Jackson's radical political views are expressed in several of the letters, for example:
I am an extremist. I call for extreme measures to solve extreme problems.... International capitalism cannot be destroyed without the extremes of struggle. The entire colonial world is watching the blacks inside the U.S., wondering and waiting for us to come to our senses.... We are on the inside. We are the only ones (besides the very small white minority left) who can get at the monster's heart without subjecting the world to nuclear fire. We have a momentous historical role to act out if we will. The whole world for all time in the future will love us and remember us as the righteous people who made it possible for the world to live on. If we fail through fear and lack of aggressive imagination, then the slaves of the future will curse us, as we sometimes curse those of yesterday. I don't want to die and leave a few sad songs and a hump in the ground as my only monument. I want to leave a world that is liberated from trash, pollution, racism, poverty nation-states, nation-state wars and armies, from pomp, bigotry, parochialism, a thousand different brands of untruth, and licentious usurious economics.

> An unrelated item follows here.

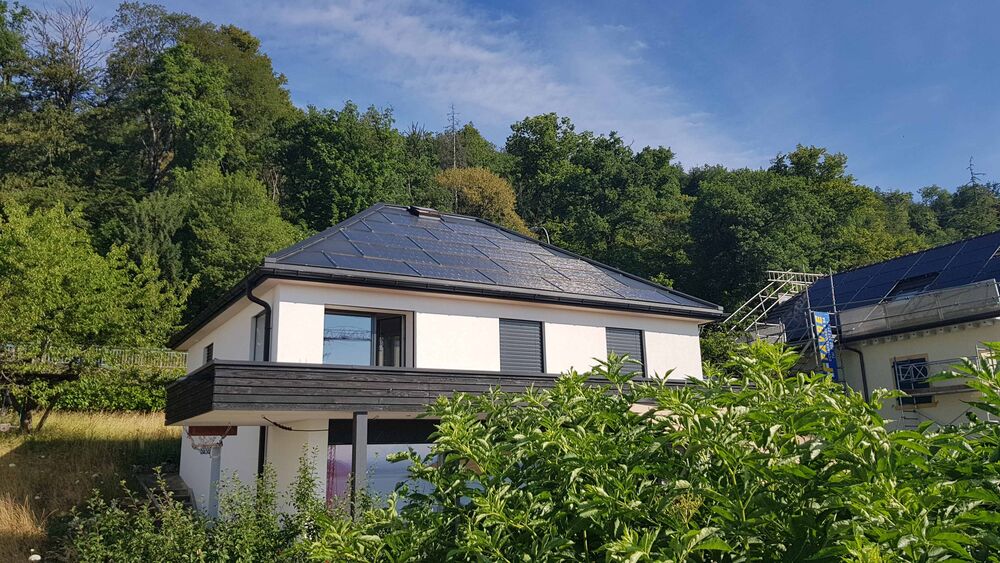HEV-Sondersolarpreis 2023: 321 % PEB-EFH nach Renovation in Neuchâtel NE (nachher). (Fotos: Schweizer Solarpreis 2023)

The letters frequently showcase Jackson's wide reading in literature, political philosophy, and history. For instance, he concludes a letter to his younger sister Frances by saying, "I must now start doing all that is humanly possible to get out of prison. I can see great ill forecast for me if I don't find some way to extract myself from these people's control." He then pours forth to her without line breaks the entirety of Claude McKay's 1919 sonnet "If We Must Die" before signing off:
"If we must die let it not be like hogs, hunted and pinned in an inglorious spot, while around us bark the mad and hungry dogs making their mock at our accursed lot; if we must die then let us nobly die, so that our precious blood may not be shed in vain. Then even the monsters we defy shall be constrained to honor us though dead. We kinsmen must meet the common foe, though far outnumbered, let us show us brave, and for their thousand blows, deal one death blow. What though before us lies the open grave, like men we'll face the murderous pack, pressed to the wall, dying, but fighting back." I don't mind dying but I'd like to have the opportunity to fight back. Take care. George

== Critical reception ==
In a New York Times book review, Julius Lester called Soledad Brother "the most important single volume from a black since The Autobiography of Malcolm X, and its impact among blacks may be even greater, particularly in light of the recent and growing number of rebellions inside prisons."

In her Washington Monthly review, Suzannah Lessard compared Soledad Brother to Eldridge Cleaver's bestselling prison memoir Soul on Ice (1968):
Cleaver's energetic negativism about the society and his pounding unqualified assertion of the black perspective make for a basically political book, a credo which is by nature limited and exclusive. Jackson is inclusive. He goes way beyond the circumstances—a black man persecuted by a white system—to the broader human predicament. Where Cleaver throws you back on yourself because you are not black, not oppressed—and that has its value—Jackson draws you in through your shared humanity and that, I think, has a far greater value.